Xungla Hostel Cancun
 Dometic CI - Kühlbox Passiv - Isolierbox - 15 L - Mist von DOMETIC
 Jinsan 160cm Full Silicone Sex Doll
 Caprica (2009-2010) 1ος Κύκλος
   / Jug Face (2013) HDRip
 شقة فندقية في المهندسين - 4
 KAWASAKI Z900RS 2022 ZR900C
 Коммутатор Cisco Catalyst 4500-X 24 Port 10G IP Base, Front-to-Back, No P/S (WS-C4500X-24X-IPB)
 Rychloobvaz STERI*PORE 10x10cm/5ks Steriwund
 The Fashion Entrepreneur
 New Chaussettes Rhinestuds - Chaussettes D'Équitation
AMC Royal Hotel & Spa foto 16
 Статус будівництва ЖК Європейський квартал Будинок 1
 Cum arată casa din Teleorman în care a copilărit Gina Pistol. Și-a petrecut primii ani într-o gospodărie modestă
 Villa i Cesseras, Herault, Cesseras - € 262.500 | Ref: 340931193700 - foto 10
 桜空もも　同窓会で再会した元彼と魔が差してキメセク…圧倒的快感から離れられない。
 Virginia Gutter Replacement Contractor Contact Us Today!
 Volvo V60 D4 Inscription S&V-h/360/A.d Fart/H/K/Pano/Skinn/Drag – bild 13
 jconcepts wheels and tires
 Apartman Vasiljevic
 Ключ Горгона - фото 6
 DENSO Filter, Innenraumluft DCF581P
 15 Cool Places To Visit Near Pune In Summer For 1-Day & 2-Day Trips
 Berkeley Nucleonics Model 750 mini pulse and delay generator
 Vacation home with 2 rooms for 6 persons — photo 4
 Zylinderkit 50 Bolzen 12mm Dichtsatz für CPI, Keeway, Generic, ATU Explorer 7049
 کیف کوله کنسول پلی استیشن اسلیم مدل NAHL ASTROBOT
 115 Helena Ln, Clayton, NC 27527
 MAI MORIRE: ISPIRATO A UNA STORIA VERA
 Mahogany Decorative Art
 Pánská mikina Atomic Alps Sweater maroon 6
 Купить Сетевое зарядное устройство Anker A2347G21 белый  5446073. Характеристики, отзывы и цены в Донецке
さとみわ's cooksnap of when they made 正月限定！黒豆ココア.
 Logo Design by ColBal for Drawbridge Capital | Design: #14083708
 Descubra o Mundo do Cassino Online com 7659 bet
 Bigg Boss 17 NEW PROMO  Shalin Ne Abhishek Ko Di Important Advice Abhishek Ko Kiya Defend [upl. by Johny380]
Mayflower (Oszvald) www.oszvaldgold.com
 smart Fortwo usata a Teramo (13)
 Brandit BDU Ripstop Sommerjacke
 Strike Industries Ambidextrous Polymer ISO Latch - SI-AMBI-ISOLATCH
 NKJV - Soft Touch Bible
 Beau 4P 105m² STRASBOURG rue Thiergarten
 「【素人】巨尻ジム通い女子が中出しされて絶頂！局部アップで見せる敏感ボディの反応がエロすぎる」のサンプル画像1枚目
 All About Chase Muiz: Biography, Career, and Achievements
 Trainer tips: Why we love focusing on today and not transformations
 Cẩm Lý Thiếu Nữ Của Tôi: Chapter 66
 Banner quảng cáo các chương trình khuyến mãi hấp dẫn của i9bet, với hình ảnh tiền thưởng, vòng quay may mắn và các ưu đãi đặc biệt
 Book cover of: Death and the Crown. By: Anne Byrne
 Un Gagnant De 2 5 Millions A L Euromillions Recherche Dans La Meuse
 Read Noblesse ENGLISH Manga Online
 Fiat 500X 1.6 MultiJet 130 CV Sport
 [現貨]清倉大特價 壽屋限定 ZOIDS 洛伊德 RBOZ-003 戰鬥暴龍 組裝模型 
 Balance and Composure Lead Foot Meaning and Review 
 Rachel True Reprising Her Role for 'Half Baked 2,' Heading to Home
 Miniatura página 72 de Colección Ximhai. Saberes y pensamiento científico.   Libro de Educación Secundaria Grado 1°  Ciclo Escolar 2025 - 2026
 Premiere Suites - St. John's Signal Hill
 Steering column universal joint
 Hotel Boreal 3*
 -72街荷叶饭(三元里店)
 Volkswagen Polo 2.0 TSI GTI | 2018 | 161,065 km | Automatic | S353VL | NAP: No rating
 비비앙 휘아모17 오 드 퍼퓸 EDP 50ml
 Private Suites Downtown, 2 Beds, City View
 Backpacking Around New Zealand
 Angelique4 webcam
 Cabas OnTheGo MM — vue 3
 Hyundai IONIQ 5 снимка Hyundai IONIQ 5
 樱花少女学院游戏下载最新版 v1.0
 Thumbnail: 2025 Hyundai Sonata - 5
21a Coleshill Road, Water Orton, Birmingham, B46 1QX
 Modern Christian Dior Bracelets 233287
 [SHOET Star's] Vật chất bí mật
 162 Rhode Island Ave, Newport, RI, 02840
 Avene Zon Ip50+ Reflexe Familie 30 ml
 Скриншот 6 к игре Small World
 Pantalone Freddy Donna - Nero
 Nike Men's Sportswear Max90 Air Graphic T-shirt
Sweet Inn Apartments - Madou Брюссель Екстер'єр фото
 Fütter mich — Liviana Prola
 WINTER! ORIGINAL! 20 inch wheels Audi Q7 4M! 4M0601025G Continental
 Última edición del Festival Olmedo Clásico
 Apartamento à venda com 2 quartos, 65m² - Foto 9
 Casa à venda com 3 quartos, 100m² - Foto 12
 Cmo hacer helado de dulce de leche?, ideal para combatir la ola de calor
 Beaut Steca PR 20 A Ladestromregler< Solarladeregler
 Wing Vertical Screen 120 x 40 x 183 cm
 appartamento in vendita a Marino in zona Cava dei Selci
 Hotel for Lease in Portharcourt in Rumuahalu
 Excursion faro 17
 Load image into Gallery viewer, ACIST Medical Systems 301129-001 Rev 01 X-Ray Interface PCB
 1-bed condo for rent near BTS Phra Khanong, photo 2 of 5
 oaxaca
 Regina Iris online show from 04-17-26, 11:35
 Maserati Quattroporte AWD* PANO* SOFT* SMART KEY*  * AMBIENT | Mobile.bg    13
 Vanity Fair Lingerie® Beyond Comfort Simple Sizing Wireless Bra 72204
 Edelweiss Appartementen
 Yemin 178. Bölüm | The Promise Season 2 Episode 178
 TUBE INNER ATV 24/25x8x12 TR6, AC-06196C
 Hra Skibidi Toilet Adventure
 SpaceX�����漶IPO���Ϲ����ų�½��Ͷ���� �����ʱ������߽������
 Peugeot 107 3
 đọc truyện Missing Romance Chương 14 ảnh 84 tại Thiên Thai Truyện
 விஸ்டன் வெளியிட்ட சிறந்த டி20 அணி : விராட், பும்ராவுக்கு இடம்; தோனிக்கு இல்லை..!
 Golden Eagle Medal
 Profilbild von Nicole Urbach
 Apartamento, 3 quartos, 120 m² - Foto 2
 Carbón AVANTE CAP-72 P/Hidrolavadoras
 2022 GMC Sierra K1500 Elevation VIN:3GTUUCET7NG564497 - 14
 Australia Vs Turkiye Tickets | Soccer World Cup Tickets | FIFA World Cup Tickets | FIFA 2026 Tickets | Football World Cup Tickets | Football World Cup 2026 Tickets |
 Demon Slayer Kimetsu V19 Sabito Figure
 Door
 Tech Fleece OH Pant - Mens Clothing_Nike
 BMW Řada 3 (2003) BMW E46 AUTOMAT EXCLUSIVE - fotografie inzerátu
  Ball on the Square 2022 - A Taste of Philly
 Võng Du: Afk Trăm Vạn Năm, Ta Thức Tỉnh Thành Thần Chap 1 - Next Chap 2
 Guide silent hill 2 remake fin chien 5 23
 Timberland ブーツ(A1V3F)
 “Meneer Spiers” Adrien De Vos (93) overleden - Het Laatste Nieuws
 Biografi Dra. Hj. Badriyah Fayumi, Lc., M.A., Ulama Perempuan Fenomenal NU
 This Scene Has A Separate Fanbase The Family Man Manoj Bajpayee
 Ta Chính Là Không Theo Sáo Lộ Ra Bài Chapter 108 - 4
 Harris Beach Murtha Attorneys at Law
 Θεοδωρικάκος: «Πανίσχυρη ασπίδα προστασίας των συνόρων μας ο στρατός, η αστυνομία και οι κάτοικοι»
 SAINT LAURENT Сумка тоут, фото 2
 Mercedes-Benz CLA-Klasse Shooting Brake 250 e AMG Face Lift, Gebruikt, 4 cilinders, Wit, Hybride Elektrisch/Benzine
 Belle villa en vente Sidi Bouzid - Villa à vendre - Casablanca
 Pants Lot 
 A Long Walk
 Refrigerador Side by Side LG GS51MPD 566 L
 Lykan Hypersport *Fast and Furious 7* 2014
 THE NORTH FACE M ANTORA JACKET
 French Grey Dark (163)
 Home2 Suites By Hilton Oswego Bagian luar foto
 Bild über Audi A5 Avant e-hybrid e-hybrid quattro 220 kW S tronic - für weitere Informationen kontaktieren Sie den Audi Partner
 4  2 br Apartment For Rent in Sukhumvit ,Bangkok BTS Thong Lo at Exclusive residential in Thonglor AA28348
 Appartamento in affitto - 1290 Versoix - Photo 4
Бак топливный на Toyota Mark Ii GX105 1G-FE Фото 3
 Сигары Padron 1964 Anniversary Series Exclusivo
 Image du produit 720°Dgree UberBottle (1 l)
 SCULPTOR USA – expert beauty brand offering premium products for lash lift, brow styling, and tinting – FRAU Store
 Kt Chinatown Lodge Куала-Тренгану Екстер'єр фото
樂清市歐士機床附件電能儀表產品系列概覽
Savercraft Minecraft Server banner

----------------------------------------

__What to do__.
Of all the entries above, output exactly the lines between the one holding "Nike Men's Sportswear" and the one holding "Excursion faro 17", inclusive.

__Solution to the problem__.
 Nike Men's Sportswear Max90 Air Graphic T-shirt
Sweet Inn Apartments - Madou Брюссель Екстер'єр фото
 Fütter mich — Liviana Prola
 WINTER! ORIGINAL! 20 inch wheels Audi Q7 4M! 4M0601025G Continental
 Última edición del Festival Olmedo Clásico
 Apartamento à venda com 2 quartos, 65m² - Foto 9
 Casa à venda com 3 quartos, 100m² - Foto 12
 Cmo hacer helado de dulce de leche?, ideal para combatir la ola de calor
 Beaut Steca PR 20 A Ladestromregler< Solarladeregler
 Wing Vertical Screen 120 x 40 x 183 cm
 appartamento in vendita a Marino in zona Cava dei Selci
 Hotel for Lease in Portharcourt in Rumuahalu
 Excursion faro 17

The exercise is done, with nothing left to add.